On a tâtonné. On avait peu de matière, donc c’est simplement à travers des ateliers issus de l’éducation populaire qu’on a pu inventer des outils. On a essentiellement deux outils et on travaille en ce moment en vue de l’application d’autres méthodes comme le panel citoyen tiré au sort. Mais les principaux outils mis en œuvre ces dernières années ce sont les commissions thématiques, qui correspondent aux compétences qu’a notre commune.
Elles ont lieu une fois par an, ça nous permet de faire le bilan de l’année écoulé, et aussi de voir les prospectives, les problématiques et les solutions qu’on peut apporter au village. Une fois qu’on a établi un peu ça on arrive à prioriser avec les habitants, sur des votes pondérés. Donc ils sont obligés de faire des choix. Une fois que ces choix sont priorisés, ça devient des « Groupes Actions Projets » qui sont autonomes.
Chaque citoyen est invité de nouveau à travailler concrètement sur des projets et à les mener jusqu’à l’aboutissement.
Donc vous impliquez les habitants dans tout le cycle du projet, évaluation incluse?
On a mené une évaluation sur la participation. On a 24% de la population qui a participé la première année. Un petit peu moins maintenant parce que c’est vrai qu’on a tellement travaillé durant ces trois dernières années sur la décision, que on est surtout dans la réalisation.

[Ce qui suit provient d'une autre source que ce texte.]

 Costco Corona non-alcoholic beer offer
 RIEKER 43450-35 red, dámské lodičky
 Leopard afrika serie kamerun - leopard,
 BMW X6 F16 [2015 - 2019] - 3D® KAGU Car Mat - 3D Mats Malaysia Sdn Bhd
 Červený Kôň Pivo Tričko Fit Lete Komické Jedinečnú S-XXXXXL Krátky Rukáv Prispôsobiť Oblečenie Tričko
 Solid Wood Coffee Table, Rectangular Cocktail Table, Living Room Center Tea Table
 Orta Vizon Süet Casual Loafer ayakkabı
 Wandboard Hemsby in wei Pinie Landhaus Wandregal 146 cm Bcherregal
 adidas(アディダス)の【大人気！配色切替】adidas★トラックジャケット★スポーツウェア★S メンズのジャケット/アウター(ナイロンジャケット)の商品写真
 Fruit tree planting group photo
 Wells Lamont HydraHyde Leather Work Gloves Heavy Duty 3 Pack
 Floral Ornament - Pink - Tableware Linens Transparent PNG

Est-ce que vous pouvez nous donner un ou deux projets phares qui ont été mis en œuvre ?
Nous sommes une petite commune. Il ne faut pas s’attendre à des gros projets, en sachant qu’on a des obligations d’Etat qui nous obligent à faire des investissements assez lourds et qui ont des conséquences sur le budget. Effectivement, on estime que cette part d’investissements représente une 70% du total. Dont qu’il reste, pour l’instant, 30%.
Notamment, les investissements qui sont des obligations d’Etat sont surtout sur l’hygiène, la sécurité et la mise en accessibilité de bâtiments.
De notre côté, on a amélioré l’extinction de l’éclairage nocturne du village en place. Maintenant, on éteint notre village le soir, mais de manière intelligente. On a défini avec les citoyens différentes périodes et des saisons. L’éclairage dépend de la saison hivernale, de la saison touristique, du quartier ou du centre-ville, du weekend…
Grâce à ce projet, l’éclairage est géré de manière plus efficace (10 000€ d’économie/an) et lorsqu’on lève la tête nous nous réjouissons de retrouver un ciel étoilé.
Quelque chose d’autre : le jardin public. On avait un jardin public qui ne ressemblait à rien. On en riait, en disant qu’il ressemblait à un jardin de l’Ex-URSS avec trois écureuils à ressort, que les enfants n’utilisaient pas. On a organisé une consultation avec les citoyens en associant les enfants des classes pour identifier les espaces qu’ils voulaient investir.
On avait prévu une certaine somme mais au vu de la qualité des projets proposés par les habitants, on a doublé la somme. On a aussi doublé la superficie. Aujourd’hui, je peux voir le jardin depuis la fenêtre de la mairie et il est très vivant.
Quels sont, selon vous, les défis de cette cogestion pour l’avenir ?
Pour nous, le grand défi de la participation c’est de permettre d’aller vers les exclus de la participation. Nous avons un avantage, c’est qu’on est en révision du plan local d’urbanisme. Avec ça, on travaille avec un cabinet qui vient nous appuyer sur la participation. On a peu de moyens en termes de commune, donc vous voyez l’épuisement qu’on peut avoir en tant qu’élus par rapport à cette pratique. En trois ans on a fait 174 réunions publiques.
Cela demande beaucoup d’implication. Le fait de travailler sur le Plan Local d’Urbanisme donne aussi aux citoyens une vision beaucoup plus large sur les questions d’environnement, de déplacement, de mobilité, de foncier, de preservation de terre nouricière, de diversité d’habitat… Avec des ateliers complétement nouveau en termes de participation, très variés, le week-end, en semaine, en soirée, on espère avoir de nouvelles personnes qui participent.